Buon anno, Taranto
Ho due mari. Due anime. Forse mille. Un cuore che palpita troppo o troppo poco. Irregolare come il battito di chi non sa dosare bene le energie. Sono una madre che sta diventando orfana dei propri figli. Una creatura immobile, incapace di staccarsi dal suo male più grande, perché senza non riesce a vivere. Per decenni, ho sepolto con polvere malata uomini, donne, bambini. Eppure, tra i miei figli, in tanti (ma non abbastanza) hanno scelto di ribellarsi, di sbattere i pugni sul tavolo e urlare la loro indignazione. Molti hanno dovuto morire. Altri hanno smesso di voltare le spalle davanti allo scempio della mia terra, della mia aria, del mio cielo. A loro ho chiesto di amarmi, proteggermi, concedermi un altro respiro. Far sì che tutti conoscano ciò che più mi appartiene: venti, maree, sorgenti di acqua dolce nel bel mezzo di un mare salato.
Per un giorno ho visto sessantamila persone cantare insieme per riprendersi i diritti negati e non sottostare più ai ricatti di padroni privi di scrupoli e coscienza.
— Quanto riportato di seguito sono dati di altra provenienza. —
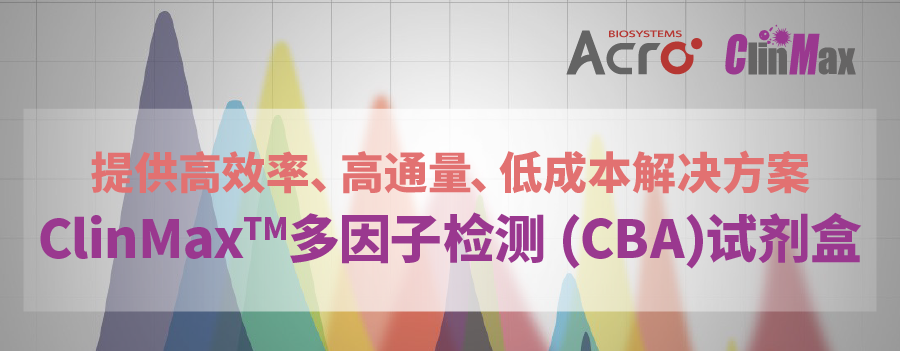 人Th1/Th2细胞因子检测在细胞与基因疗法研发中的重要性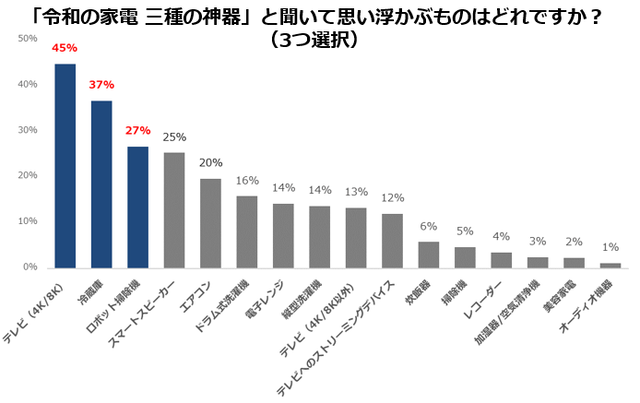 「令和の家電 三種の神器」と聞いて思い浮かぶものはどれですか？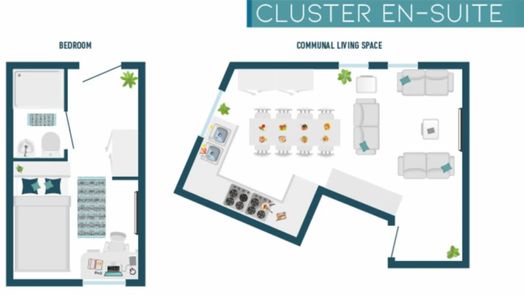 10 Bed Cluster En-Suite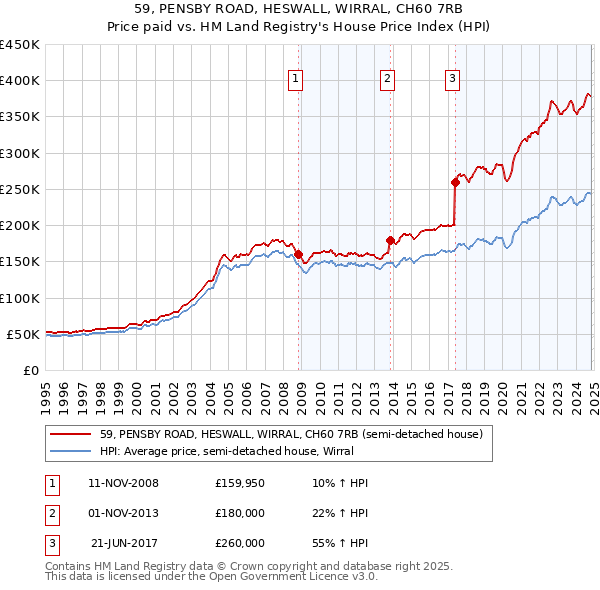 59, PENSBY ROAD, HESWALL, WIRRAL, CH60 7RB: Price paid vs HM Land Registry's House Price Index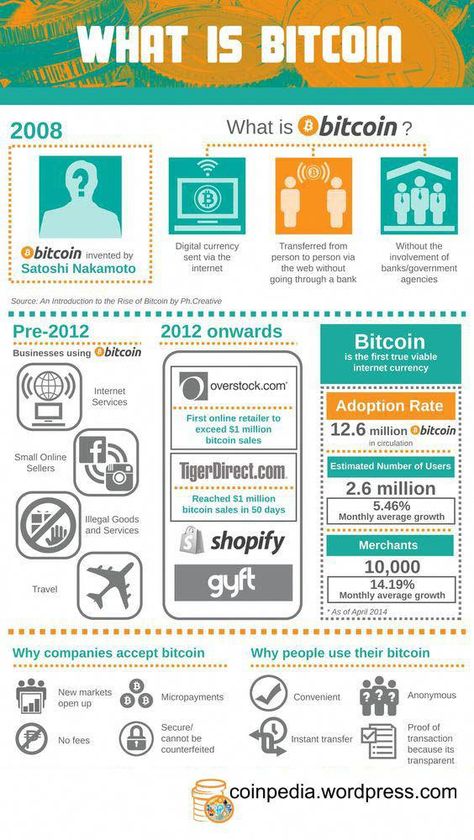 How Bitcoin Works, Learn Economics, Economics Lessons, Bitcoin Business, Digital Currency, Finance Investing, General Knowledge Facts, Accounting And Finance, Bitcoin Cryptocurrency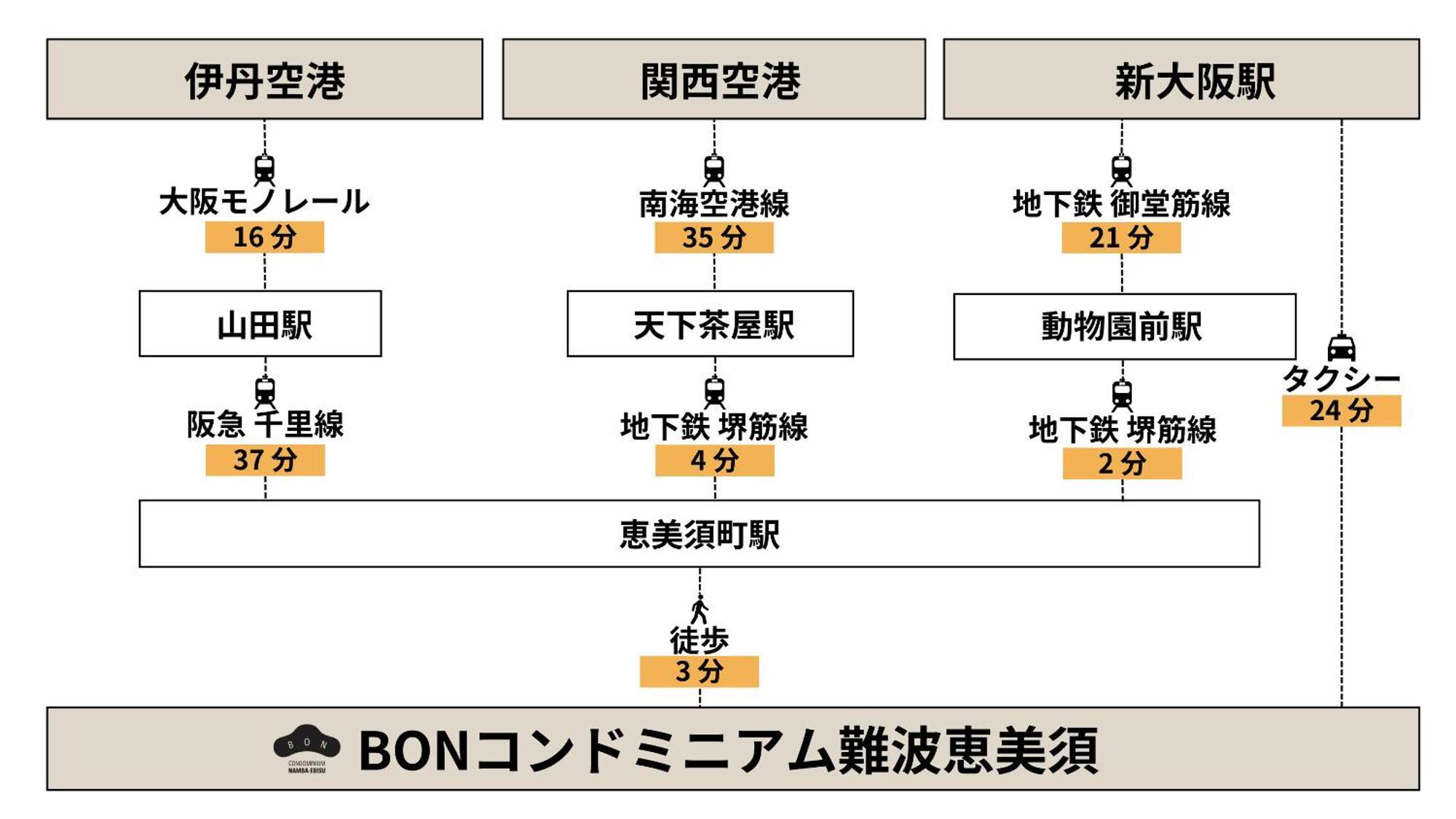 Bon Condominium Namba Ebisu Osaka Ngoại thất bức ảnh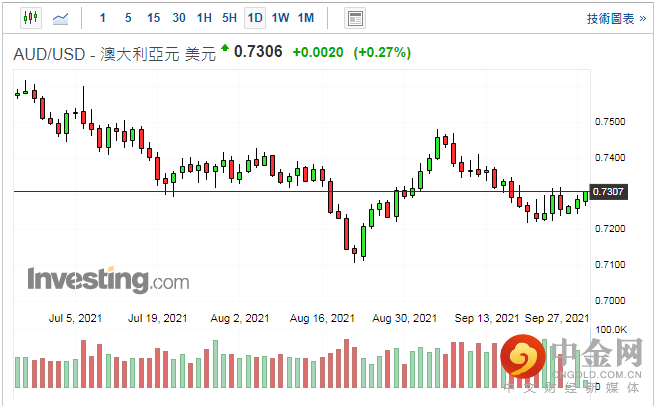 screenshot-20210928-114012.png screenshot-20210928-114012.png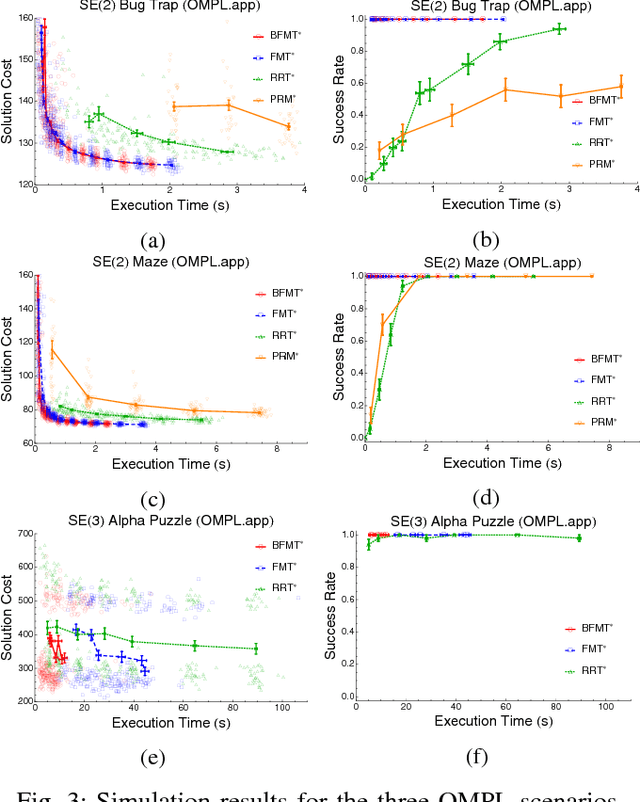 Figure 3 for An Asymptotically-Optimal Sampling-Based Algorithm for Bi-directional Motion Planning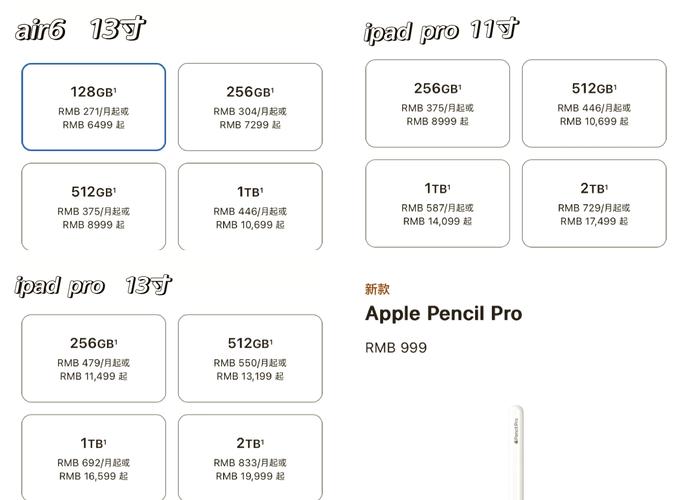 买ipad2020还是air3，ipad2021还是ipadair3-第3张图片-优品飞百科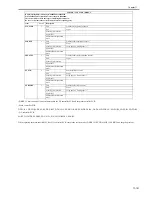 Предварительный просмотр 689 страницы Canon iR3245 Service Manual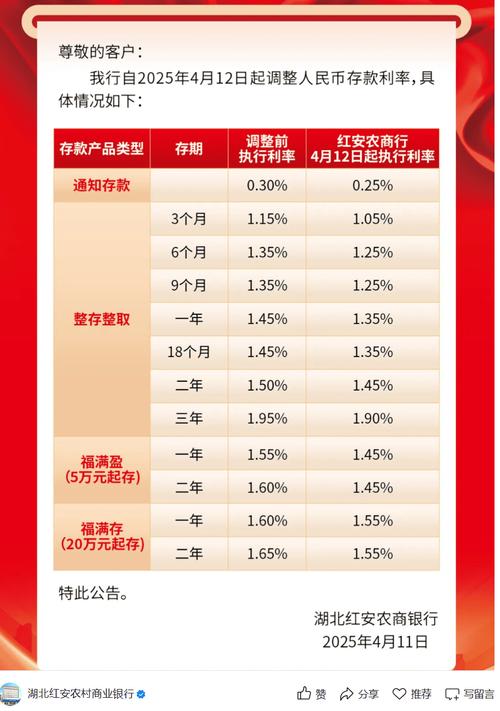 中长期定存利率下降_银行存款利率下调_2025年三年定期存款利率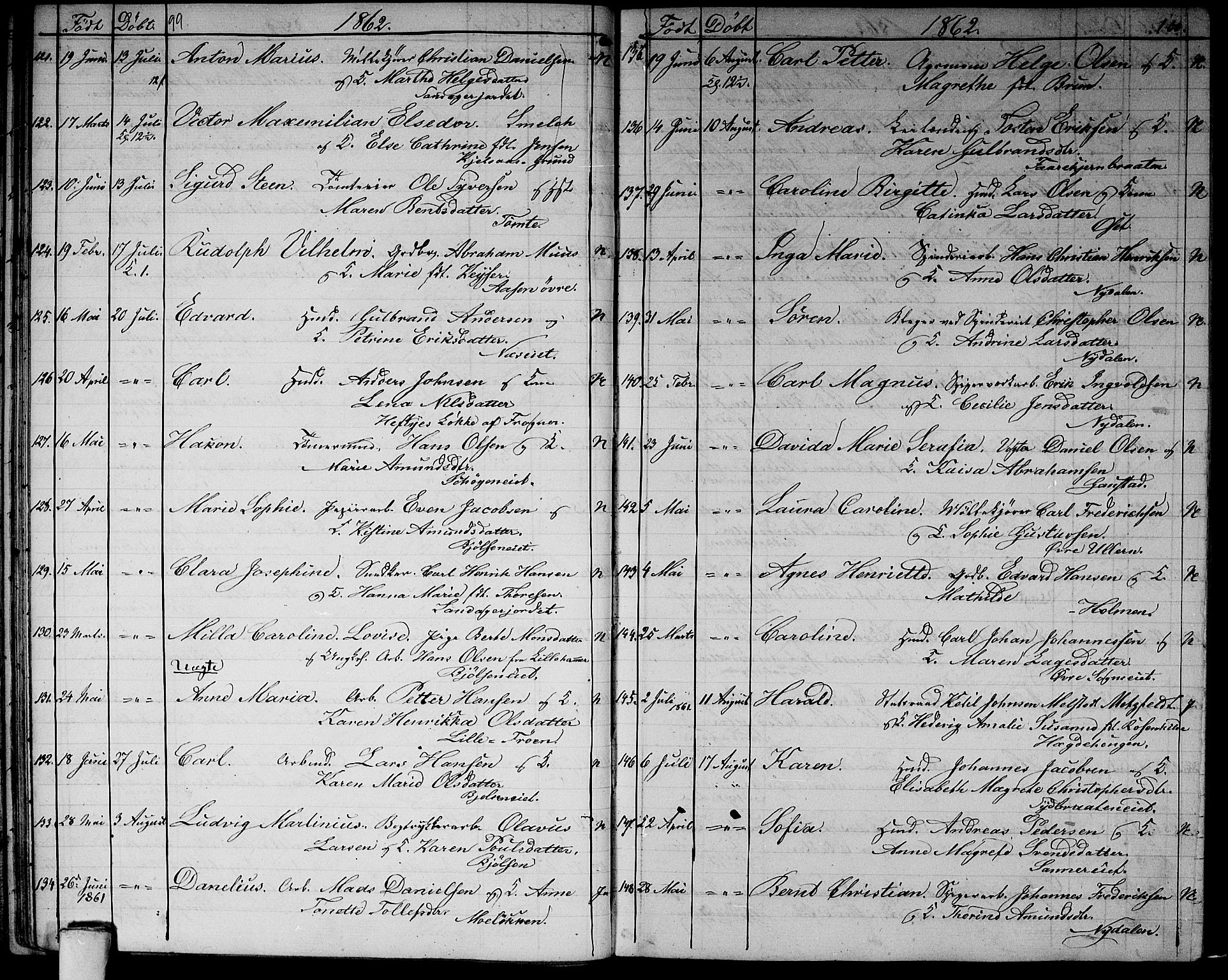 Vestre Aker prestekontor Kirkebøker, AV/SAO-A-10025/G/Ga/L0001: Parish register (copy) no. I 1, 1859-1871, p. 99-100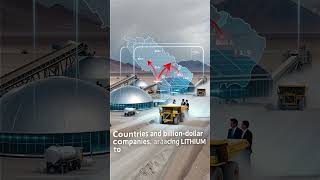 “The 3 Countries Controlling The Future of EVs”#Lithium #ElectricCars #EV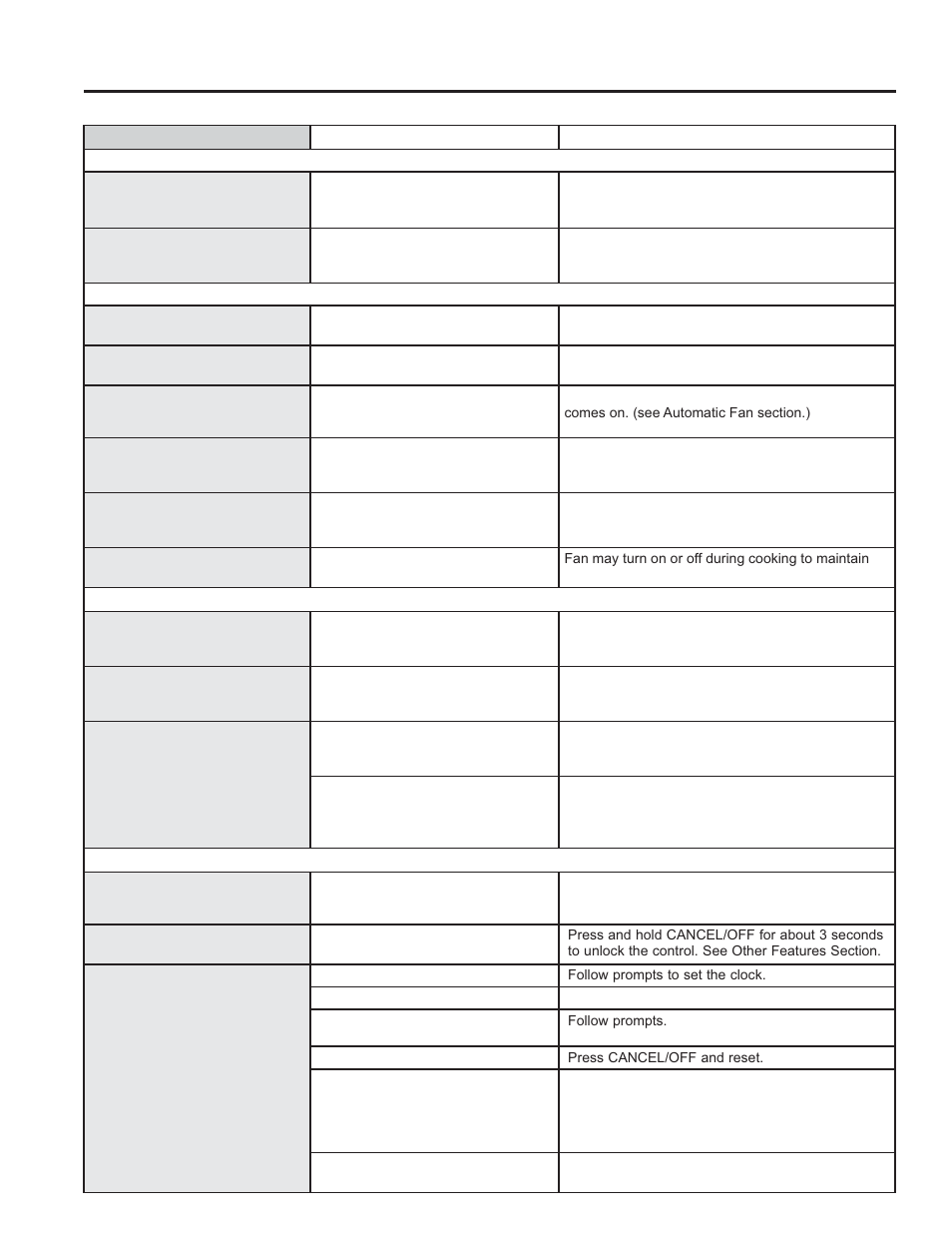 Troubleshooting tips | GE Profile Advantium Series 30 Inch Over-the-Range Microwave Oven Owner Manual User Manual | Page 32 / 72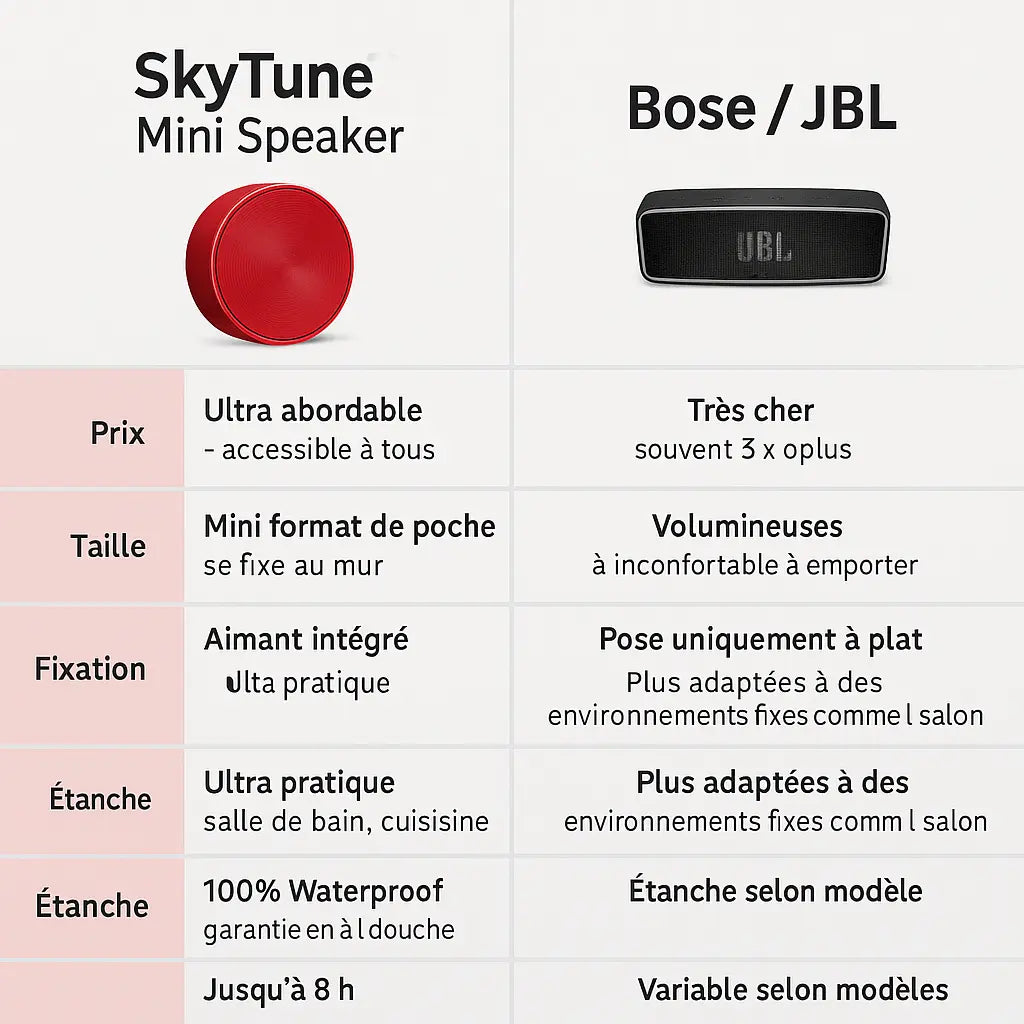 SkyTune™ - L’enceinte qui transforme n’importe quel moment en ambiance de folie.
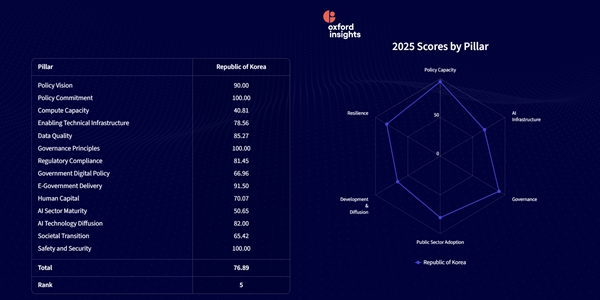 한국 '정부 AI 준비도' 세계 5위, 동아시아 1위로 정책·거버넌스 역량 두각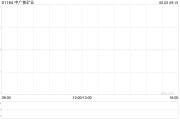 咸宁中广核矿业控股股东中广核集团持股降至56.43%
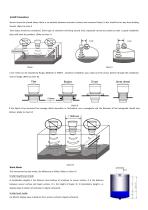 Level measuring instrument - 4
Ma un solo giorno non basta. Ce ne vorranno altri. Ed altri ancora. Diversi o uguali a quello. Giorni non solo protesi a rallentare una discesa, ma orientati a favorire una risalita. La risalita. Giorni non più dedicati a raccogliere le macerie di una Città Vecchia che frana nell’incuria. Giorni di menti aperte e braccia giovani, armate di vanga e rastrello, pronte a spazzare via il degrado dei quartieri e a riappropriarsi degli spazi abbandonati. Giorni di ostinazione e grinta, spesi alla ricerca di alternative alla grande industria inquinante. Giorni non rassegnati a scelte calate dall’alto che salvano una fabbrica e inchiodano la mia anima. Desidero che il 2014 sia pieno di questi giorni. Nulla dovrà essere off limits per il coraggio e la speranza. Lo dico ai miei figli con la schiena dritta. A tutti quelli che hanno deciso di permettersi un futuro che segnato (forse) ancora non è.